THE PROBLEM —
Omit the pictures and retype only the lines from the one containing "Geoffrey Beene Men's" through the end of the listing, both ends included.

__________

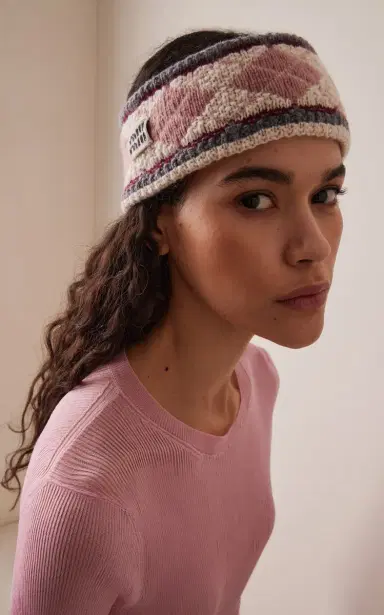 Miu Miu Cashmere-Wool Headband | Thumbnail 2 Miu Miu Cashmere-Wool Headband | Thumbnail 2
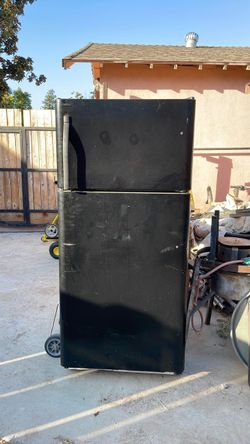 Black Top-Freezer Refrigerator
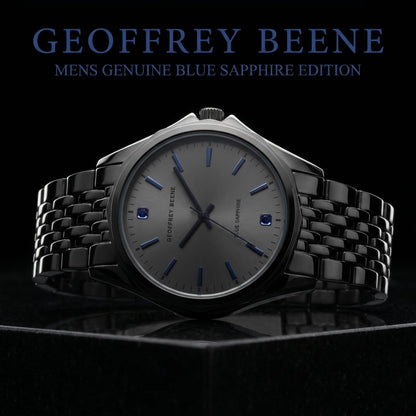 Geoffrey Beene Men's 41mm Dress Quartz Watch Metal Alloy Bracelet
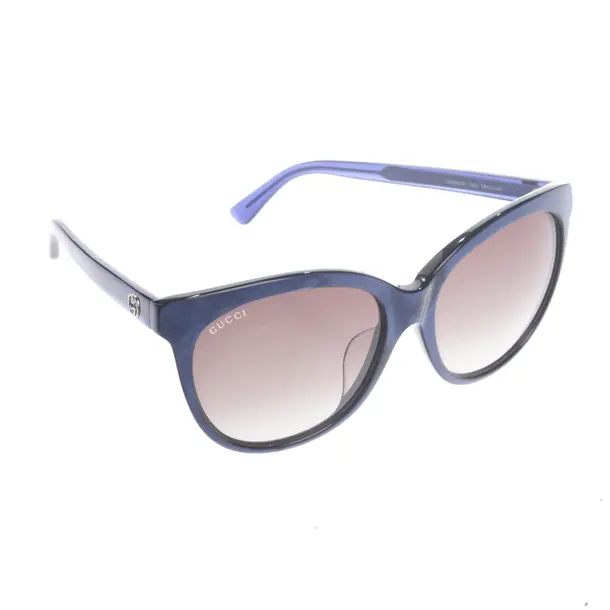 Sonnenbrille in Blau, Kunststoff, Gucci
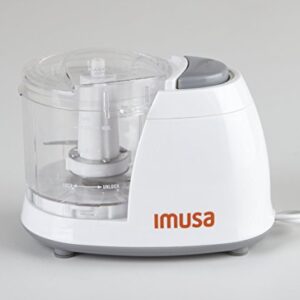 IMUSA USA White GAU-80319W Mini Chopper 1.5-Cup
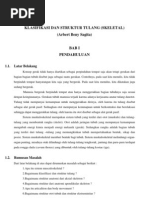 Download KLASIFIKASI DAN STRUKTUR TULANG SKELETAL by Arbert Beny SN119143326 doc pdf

__________

TASK RESPONSE —
 Geoffrey Beene Men's 41mm Dress Quartz Watch Metal Alloy Bracelet
 Sonnenbrille in Blau, Kunststoff, Gucci
 IMUSA USA White GAU-80319W Mini Chopper 1.5-Cup
 Download KLASIFIKASI DAN STRUKTUR TULANG SKELETAL by Arbert Beny SN119143326 doc pdf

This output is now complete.